- Ernestina Location within Buenos Aires Province
- Coordinates: 35°16′S 59°34′W﻿ / ﻿35.267°S 59.567°W
- Country: Argentina
- Province: Buenos Aires
- Partidos: Veinticinco de Mayo
- Established: 1896
- Elevation: 29 m (95 ft)

Population (2001 Census)
- • Total: 222
- Time zone: UTC−3 (ART)
- CPA Base: B 6665
- Climate: Dfc

= Ernestina, Buenos Aires =

Ernestina is a town located in the northeastern edge of the Veinticinco de Mayo Partido in the province of Buenos Aires, Argentina. The town has suffered a massive loss in population since peaking in the 1920s, and is now considered to be mostly abandoned.

==Geography==
Ernestina is located 177 km from the city of Buenos Aires. The town sits along the Salado River, and as a result is occasionally prone to flooding.

==History==
The land now making up Ernestina was acquired from the native population by a pair of English immigrant brothers in 1852. Initially, the area was used for farming until one of the brothers decided to establish a town in the region, presumably as a condition for settling in the region. The other brother is believed to have gone on to found the town of Pedernales, around 7 km to the west. Rail service to Ernestina began in 1896, which is considered the date of the town's founding. The town was named after the wife of Ernestina's founder. Around this time, a grouping of palm trees imported from the Canary Islands were planted in the central town square.

In 1912, a church was constructed in Ernestina. In 1938, a 200-seat theater was completed in the town. The theater has since been abandoned.

In 1925, Edward VIII, at the time prince of the United Kingdom, passed through the town on his way to an estate nearby, with some claiming he stopped to visit the town before continuing to the villa he would stay at. However, whether he actually stopped or spent any significant time in Ernestina is debated.

The town peaked in both status and population in the 1920s during the high point of the railroad. Later, Ernestina would begin to be overshadowed economically by the nearby town of Pedernales.

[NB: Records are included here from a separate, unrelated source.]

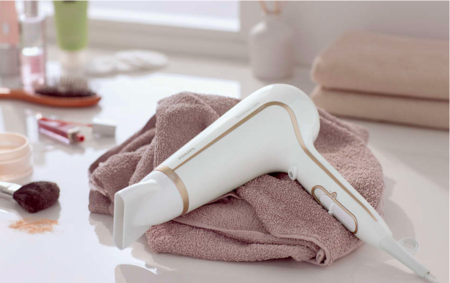 El secador más vendido de Amazon es de Philips, cuesta menos de 20 euros y potencia para secar tu cabello en minutos
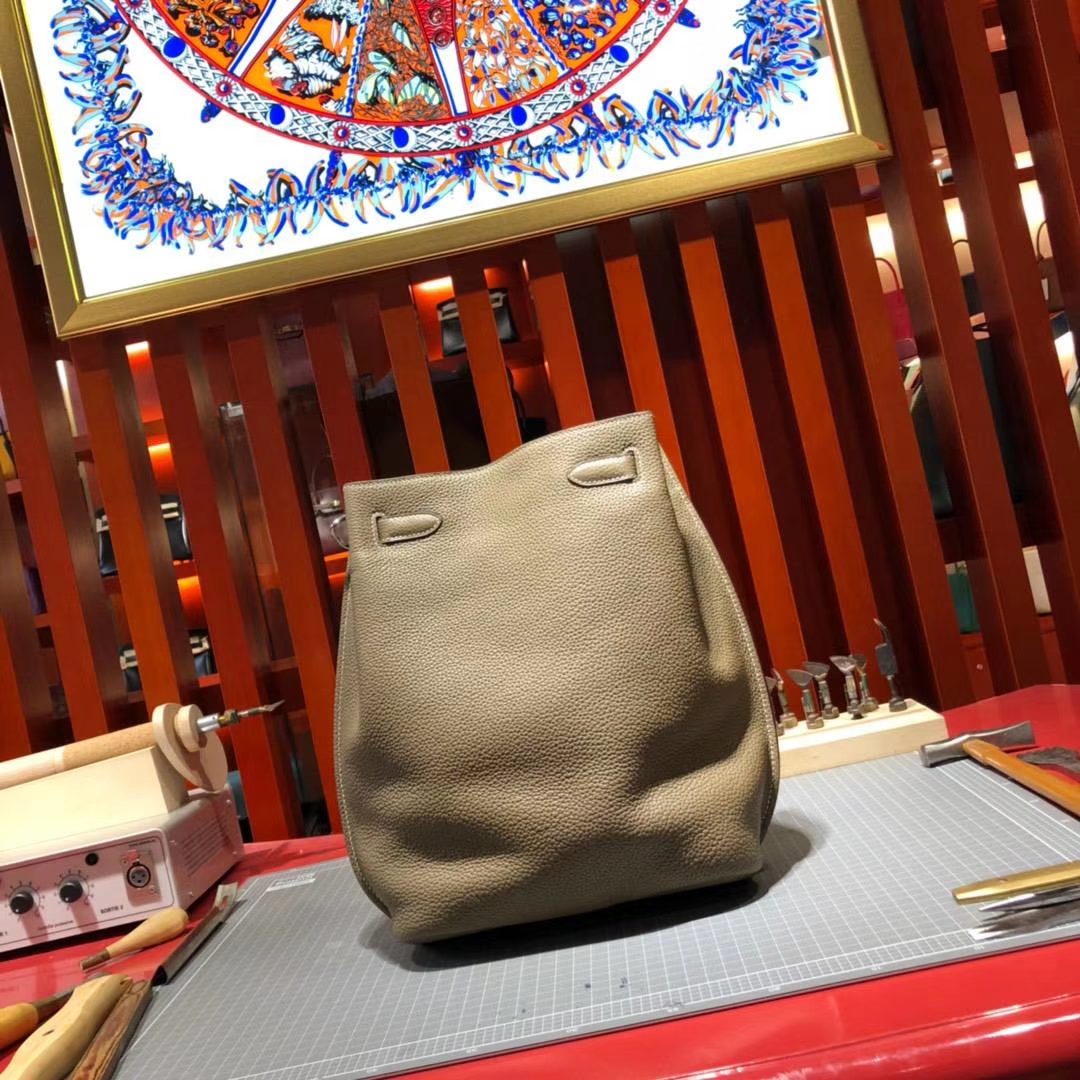 爱马仕新款女包 Hermes So Kelly水桶包 大象灰顶级TC牛皮单肩包 银扣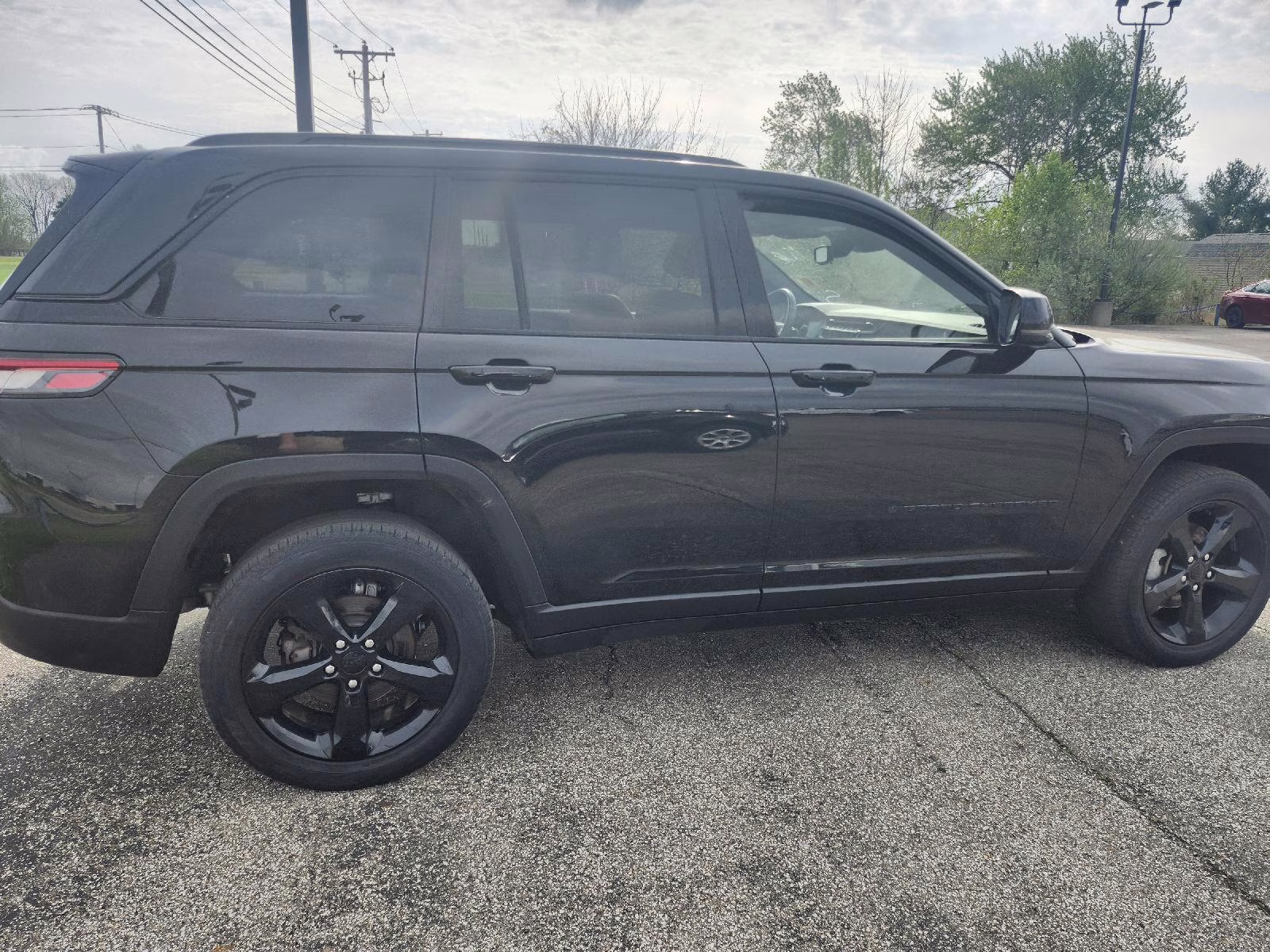 2023 Diamond Black Crystal Pearlcoat Jeep Grand Cherokee Limited 4X4 SUV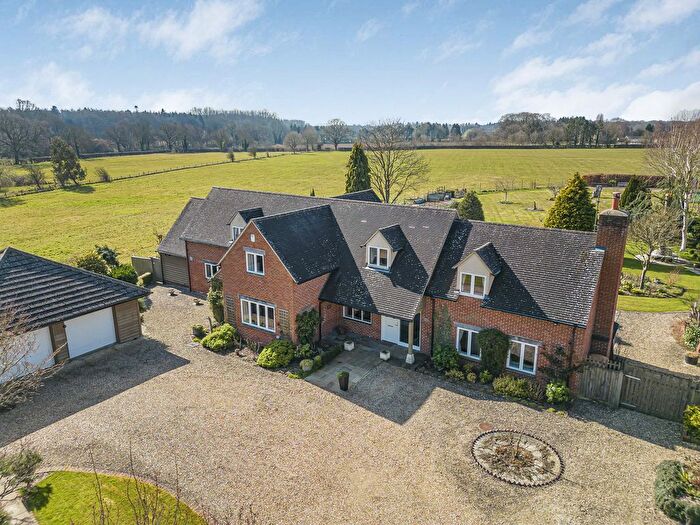 5 Bedroom Detached House For Sale In Netherton Road, Appleton, OX13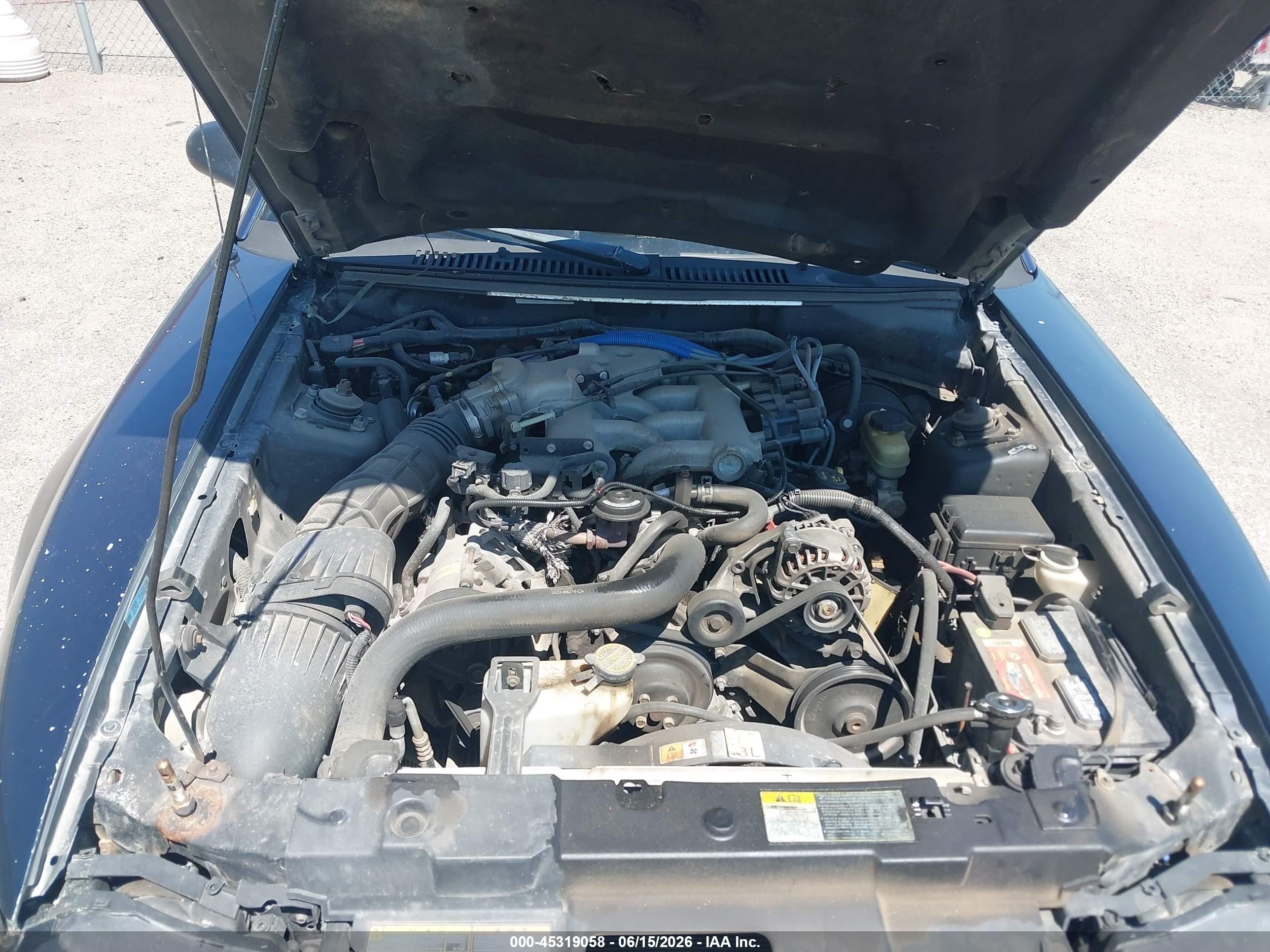 2002 Ford Mustang   Dark Blue vin: 1FAFP40422F159186
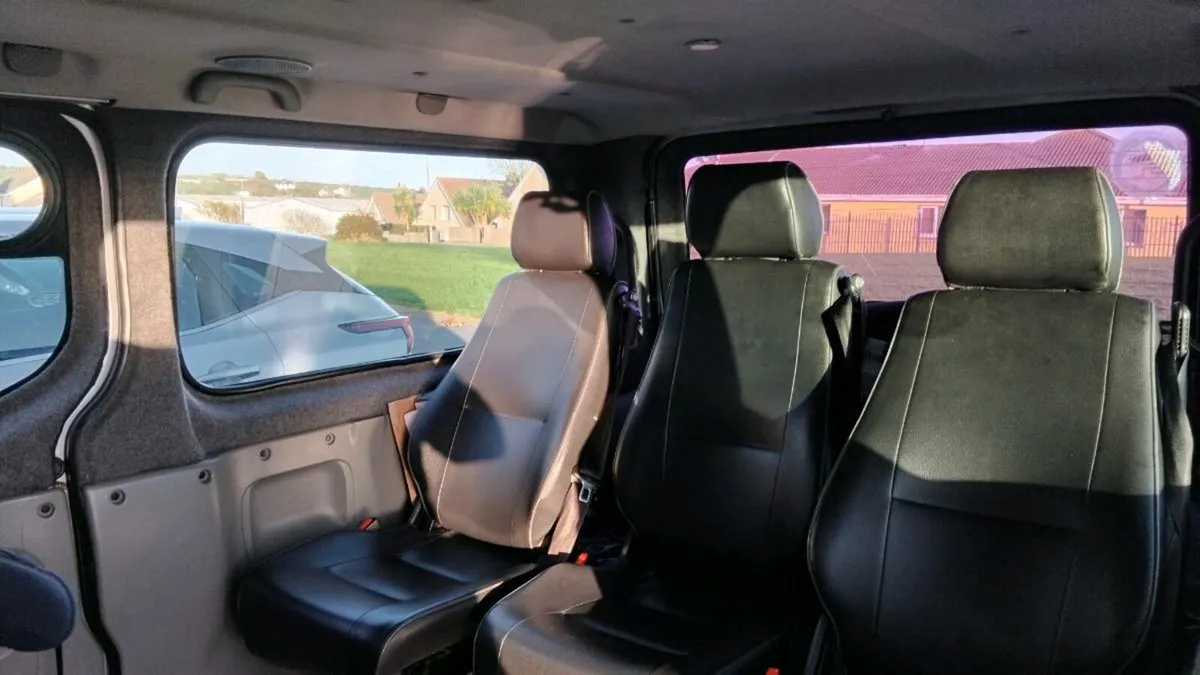 RENAULT TRAFFIC MINIBUS 9 SEATS - Image 4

Nowadays, the town has largely been described as abandoned, with only a fraction of the town's original population remaining, most having left primarily to larger cities in search of better economic opportunities.

==Economy==
During the town's peak, it was a center for the theater and tailoring industries. In more recent years, following Ernestina's decline, the economy of the town has mostly been centered around tourism.

==Population==
At its peak, Ernestina had a population of around 1,800 residents, a number which fell sharply after the end of rail service. According to INDEC, which collects population data for the country, the town had a population of 222 people as of the 2001 census, representing a nearly 90% decline from its original peak.